# Longines Presence Heritage



## Fisi (Nov 15, 2017)

Okay so I'm struggling to understand why there is absolutely nothing out there about this dress/summer watch.

- It comes in two really elegant size choices (38.5mm mens, and 34mm midsize)
- Powered by the revered ETA 2895-2 based movement (small seconds variant of 2892-A2)
- Solid 18k gold case for the price of steel from most other (even mid-tier) brands, with sapphire main crystal and a sapphire glass display case back
- Alligator strap
- Breguet-style temperature blued hands, stylish Breguet arabics.
- And all without an ugly date window shoehorned in to ruin it all.

It's a piece that's always leapt out at me whenever I've seen one in the flesh, even amidst the sensory overload that is the Selfridges Wonder Room.

The only downsides I can see are that the water resistance is only 30m (mind you, Patek dress watches only boast 30m, so it's more a limitation of the genre than this particular piece), and that the Longines brand itself is sneered at by some.

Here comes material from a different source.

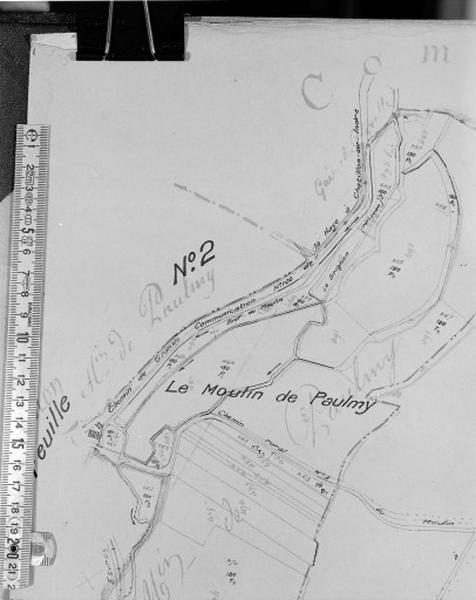 Cadastre de 1812 révisé en 1939, section A3 (minute).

Here in the UK it can be had new for around or just under £2,000. Seems like a total home run to me. Am I missing anything? Anyone have one and care to share experiences?


----------



## Fisi (Nov 15, 2017)

This SE-Asian jeweler's showcase is the only video/'review' of the piece I can find:


----------



## GregNYC (Mar 4, 2006)

I think it is probably the snob-factor. Plus, some people want a watch with a higher monetary bar to entry, especially with this design. In other words, if its price were in the 5-figure range, it might be more popular! 

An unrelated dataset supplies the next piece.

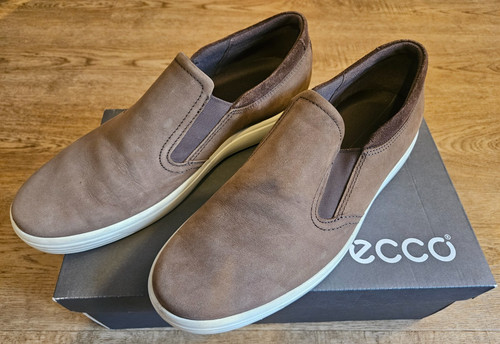 Ecco soft mens slip on - slip,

Sent from my iPhone using Tapatalk


----------



## CaliMex (Jan 12, 2018)

OP, I am in the same boat as you. I almost bought one for my wife. It is priced quite well I believe. 

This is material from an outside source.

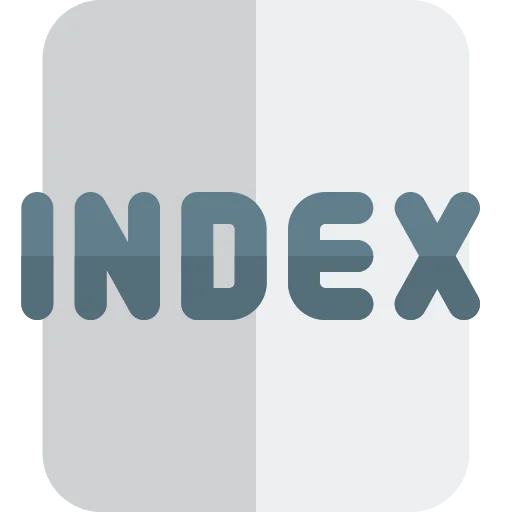 Index icon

Sent from my iPhone using Tapatalk


----------



## Fisi (Nov 15, 2017)

Update!

I ended up buying the watch, after noticing that it has disappeared off the Longines website.

I'm getting married in November, and had been looking for a gold dress watch to mark the occasion.

After many months of fairly obsessive research (I'm sure I'm in good company here), I'd narrowed it down either to this or a Lange 1815 in rose gold, which has long been my favorite watch.

It's likely to be an expensive time coming up for me, with relocation and a career change, and not to mention a few Rolexes on the way over the next 6-12 months, so I decided to do the sensible thing and keep the Lange as a grail for now. On the Longines, I negotiated an approximately 19% discount. I'm positive at least 20% was available, but we settled on a round number as I was short on time, having traveled one of the (very) few ADs that had one in stock.

Pretty delighted with this thing. Apologies that there are only a couple of pics (taken by phone, and no pic of the movement), but I've put it to one side until November now. I'd be happy to take dslr pics and do a full video review once I start wearing it. I think it's important that there's at least some consumer-end documentation of these (apparently) unpopular and now discontinued pieces before they disappear into total obscurity.

Anyway, the pics. In person the depth and richness of the gold and the blued hands is pretty stunning. 6.5 inch wrist.


----------



## CaliMex (Jan 12, 2018)

Nice! Thanks for posting some photos. Congrats on your upcoming nuptials. 


Sent from my iPhone using Tapatalk


----------



## rfortson (Feb 18, 2012)

Thanks for this post and the pictures. That is a nice looking watch. Congrats on your upcoming wedding and on the new watch.

Sent from my SM-G960U using Tapatalk


----------



## Marc3110 (12 mo ago)

Fisi said:


> Update!
> 
> I ended up buying the watch, after noticing that it has disappeared off the Longines website.
> 
> ...


Hello !

After some years, can you tell us if you are happy about this watch ? Can you make a quick review please  ?
Thanks !


----------



## NC_Hager626 (Sep 20, 2018)

Marc3110 said:


> Hello !
> 
> After some years, can you tell us if you are happy about this watch ? Can you make a quick review please  ?
> Thanks !


Good luck in receiving a reply. The last time Fsi was seen was on the 2 Nov 18.


----------